Pour comprendre l’avantage procuré par une caméra HD, il convient de se remémorer tous ces films d’espionnage où un agent secret doit traverser un périmètre sans se faire repérer par une caméra balayant une zone de gauche à droite. Ce type de caméra, communément appelé PTZ pour « Pan-Tilt-Zoom », est en fait installé sur un moteur et permet d’être pointé dans la direction voulue. Une caméra PTZ possède aussi un zoom optique permettant de focaliser sur une zone plus étroite, cela réduit le champ de vision, mais permet d’observer cette zone spécifique plus en détail. De par leur faible résolution, il était donc difficile pour les caméras SD de filmer une large zone complètement en capturant un niveau de détail suffisant d’où l’intérêt des caméras PTZ. Ce type de caméra communément utilisé dans le monde analogique est donc beaucoup moins nécessaire depuis l’avènement des caméras HD. Avec une caméra HD, il suffit simplement de filmer la zone voulue en entier et d’utiliser un zoom numérique si plus de détails sont requis.
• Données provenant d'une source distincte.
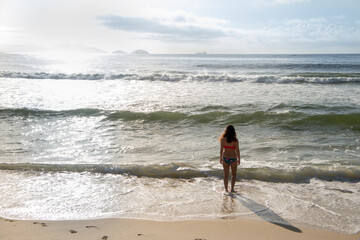   Citizen sunbathe on the beach of Copacabana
En 2017, les caméras IP de type haute définition dominent largement le marché de la vidéosurveillance [3]. Étonnement, les caméras analogiques débutent leur retour en force, celles-ci offrant elles aussi maintenant de la haute définition pour un prix environ moitié moindre comparé aux caméras IP. Du point de vue de la cybersécurité, cela offre aussi des avantages dans le cas des caméras installées dans des zones à risque. Certaines banques considèrent par exemple l’extérieur de leur bâtiment comme étant une zone à risque puisqu’il est plus facile pour un attaquant d’obtenir un accès physique à cette zone. Conséquemment, elles n’installent pas caméras IP à l’extérieur de leur bâtiment, car elles craignent qu’un attaquant utilise le câble RJ-45 de la caméra pour pénétrer leur réseau interne.

Depuis les dernières années, l’industrie fut aussi témoin de profonds bouleversements avec une montée en puissance des fabricants chinois. Vendant des caméras peu comparables en termes de qualité avec le reste de l’industrie en 2010, ceux-ci ont maintenant des produits relativement comparables pour un coût 3 fois moins élevé. Cette pression à la baisse sur les prix n’est probablement pas prête de s’arrêter. À titre d’exemple, la compagnie Hikvision, contrôlée par le gouvernement chinois, a reçu en 2015 un financement de 3 milliards de dollars et entend consacrer 50% de cette somme pour le marché occidental.

3. Les éléments d'un CCTV

Les 2 éléments majeurs d’un système CCTV sont les caméras et le système de gestion de la vidéo (appelé VMS pour Video Management System en anglais). Ces 2 éléments sont typiquement fabriqués par des manufacturiers différents, ils doivent donc être interopérables.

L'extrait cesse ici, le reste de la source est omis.